* **Requirement**
Leaving the pictures out, print the lines from the first line of the listing through the line containing "본문 이미지 - 왼쪽부터", exactly as they read, and no others.

* **Dataset extract**
== Segment start ==

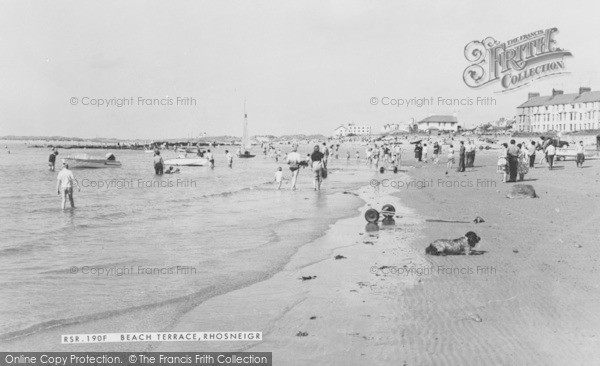 Photo of Rhosneigr, Beach Terrace c.1965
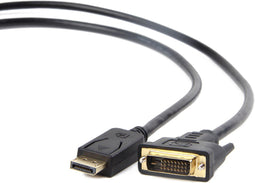 Gembird CC-DPM-DVIM-3M - Kabel - DisplayPort naar DVI-D - Zwart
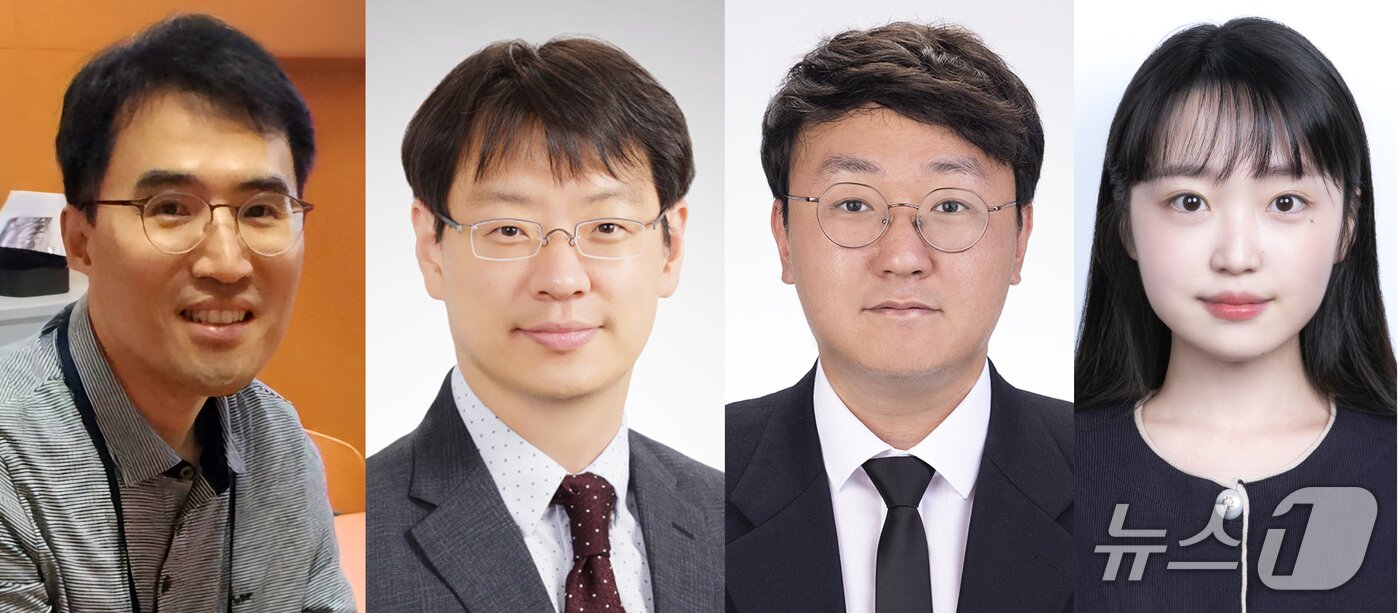 본문 이미지 - 왼쪽부터 중앙대학교 윤성일 교수, 성균관대학교 양시영 교수, 중앙대학교 전민승 박사, 성균관대학교 남지호 박사. (한국연구재단 제공. 재판매 및 DB금지) 2026.5.31/뉴스1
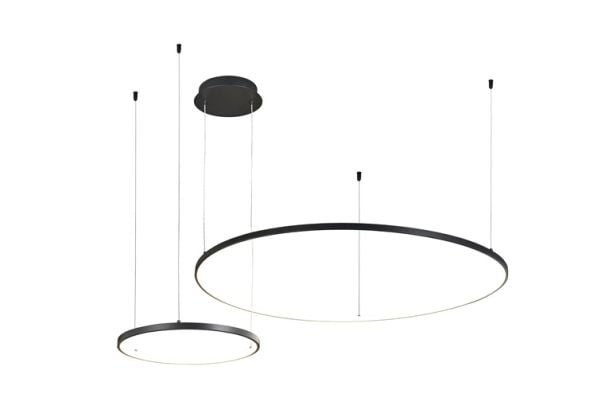 Pendellampe LED SIBIU 2xROUND 4000K BL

== Segment end ==

* **Completed exercise**
 Photo of Rhosneigr, Beach Terrace c.1965
 Gembird CC-DPM-DVIM-3M - Kabel - DisplayPort naar DVI-D - Zwart
 본문 이미지 - 왼쪽부터 중앙대학교 윤성일 교수, 성균관대학교 양시영 교수, 중앙대학교 전민승 박사, 성균관대학교 남지호 박사. (한국연구재단 제공. 재판매 및 DB금지) 2026.5.31/뉴스1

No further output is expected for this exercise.